Lucy’s skeleton became the namesake of the asteroid mission Lucy.
As the discovery of fossils informed scientists about human evolution, Trojan asteroids could provide clues to the ancient history of the solar system. After Jupiter formed and settled in its current orbit, the asteroids found themselves trapped in swarms, each centered on a gravitationally stable release point in front of and behind the largest planet in the solar system.
Lucy, the fossil, got her name after scientists heard the Beatles song “Lucy In The Sky With Diamonds” while celebrating the find. Scientists who developed the Trojan Asteroid Explorer saw the connection.
“These asteroids are really like diamonds in the sky in terms of their scientific value in understanding how giant planets formed and the solar system evolved,” Levison said.
“This fossil has transformed our understanding of hominid evolution, just as we hope the Lucy spacecraft will transform our understanding of the solar system,” said Cathy Olkin, deputy senior researcher for the mission at SWRI.
NASA selected the Lucy mission, along with another explored asteroid named Psyche, for development in 2017. Psyche is slated to launch next year to orbit a metal-rich asteroid.
Researchers believe the Trojan asteroids are remnants of the earliest period in the history of the solar system, when similar small objects clustered together to form the gas and glacial planets of the outer solar system.
“If this whole story is true, and Lucy is going to test some of these hypotheses, these objects really represent objects that formed all over the Outer Solar System, and are now in the Swarms of Troy, where a mission like Lucy can. go study them, ”Levison said.
Scientists know little about Trojan asteroids. Lucy will be the first spacecraft to ever fly over the Trojan swarms, where researchers have found more than 7,000 small objects.
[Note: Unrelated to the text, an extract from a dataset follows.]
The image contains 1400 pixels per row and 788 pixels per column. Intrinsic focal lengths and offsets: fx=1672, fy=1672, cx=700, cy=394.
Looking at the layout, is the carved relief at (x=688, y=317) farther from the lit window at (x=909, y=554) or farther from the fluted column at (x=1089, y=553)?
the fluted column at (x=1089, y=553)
There are perhaps thousands more waiting to be discovered using large telescopes.
But even the Hubble Space Telescope cannot work out the details about the makeup and appearance of Trojan asteroids. Scientists have a rough approximation of the size of each object to be visited by Lucy, and know a little about their colors. Some are gray and some are more reddish in appearance.
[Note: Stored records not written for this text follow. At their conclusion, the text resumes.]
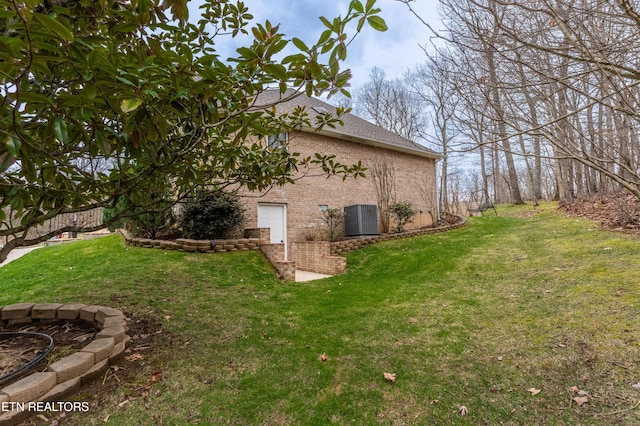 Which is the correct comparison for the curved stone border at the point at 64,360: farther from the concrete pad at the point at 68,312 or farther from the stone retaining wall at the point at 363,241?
the stone retaining wall at the point at 363,241

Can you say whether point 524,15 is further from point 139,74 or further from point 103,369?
point 103,369

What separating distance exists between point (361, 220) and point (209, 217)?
17.5ft

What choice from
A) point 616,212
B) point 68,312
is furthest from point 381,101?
point 68,312

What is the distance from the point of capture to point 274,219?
1080cm

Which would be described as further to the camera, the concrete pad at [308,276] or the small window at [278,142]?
the concrete pad at [308,276]

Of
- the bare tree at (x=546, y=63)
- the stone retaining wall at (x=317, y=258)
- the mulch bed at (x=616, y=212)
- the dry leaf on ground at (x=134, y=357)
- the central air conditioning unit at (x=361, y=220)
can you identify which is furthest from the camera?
the central air conditioning unit at (x=361, y=220)

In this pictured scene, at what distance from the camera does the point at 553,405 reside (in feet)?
8.18

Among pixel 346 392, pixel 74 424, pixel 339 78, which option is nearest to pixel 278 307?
pixel 346 392

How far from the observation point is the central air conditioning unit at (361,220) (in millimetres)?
11312

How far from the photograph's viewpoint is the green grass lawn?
8.43 feet

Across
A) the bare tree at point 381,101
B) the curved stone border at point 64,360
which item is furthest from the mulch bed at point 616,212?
the bare tree at point 381,101

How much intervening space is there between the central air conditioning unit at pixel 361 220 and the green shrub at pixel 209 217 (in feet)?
14.7

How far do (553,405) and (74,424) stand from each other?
371cm

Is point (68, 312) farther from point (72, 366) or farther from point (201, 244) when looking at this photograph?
point (201, 244)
After taking off from Cape Canaveral, the Lucy spacecraft will spend a year in an Earth-like orbit around the sun, before returning to its home planet next October for a gravity-assisted slingshot maneuver to begin heading. to the solar system.
A second flyby of Earth in December 2024 will send Lucy to her first encounter with an asteroid. The spacecraft will pass by asteroid Donaldjohanson, named after the scientist who discovered Lucy’s fossil, in April 2025.
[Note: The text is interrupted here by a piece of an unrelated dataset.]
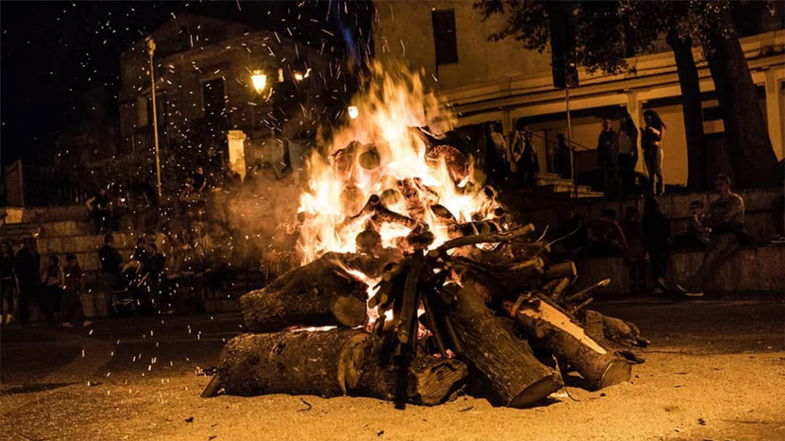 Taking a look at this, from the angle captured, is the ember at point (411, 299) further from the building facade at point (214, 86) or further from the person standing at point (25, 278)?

Next, Lucy will fly in the first swarm of Trojans, visiting five asteroids – including a tiny moon from one of the objects – in just 15 months between August 2027 and November 2028.
At her farthest arc, Lucy will be over 500 million miles (800 million kilometers) from the sun. The spacecraft will be the furthest spacecraft from the sun to ever use solar power.
A final movement of Earth in 2030 will prepare Lucy for the final encounter of the 12-year mission, a flyby of a binary pair of asteroids named Patroclus and Menoetius in March 2033. Each of the two objects is roughly the same size, with diameters of over 60 miles (100 kilometers), making them the largest targets of Lucy’s stay in the solar system.
At each asteroid, Lucy will only have a few hours to take the best photos and gather the most useful data. The probe will pass near asteroids at a relative speed of several kilometers per second, using a gimbal instrument platform to point its camera and scientific instruments.
“Lucy is a flyover mission, so after spending years traveling over a billion miles to reach our targets, we aim almost directly at them, flying within 600 miles (1,000 kilometers) of their surfaces.” NASA project scientist Keith Noll said. for the Lucie mission. “And Lucy doesn’t slow down for those flyovers.”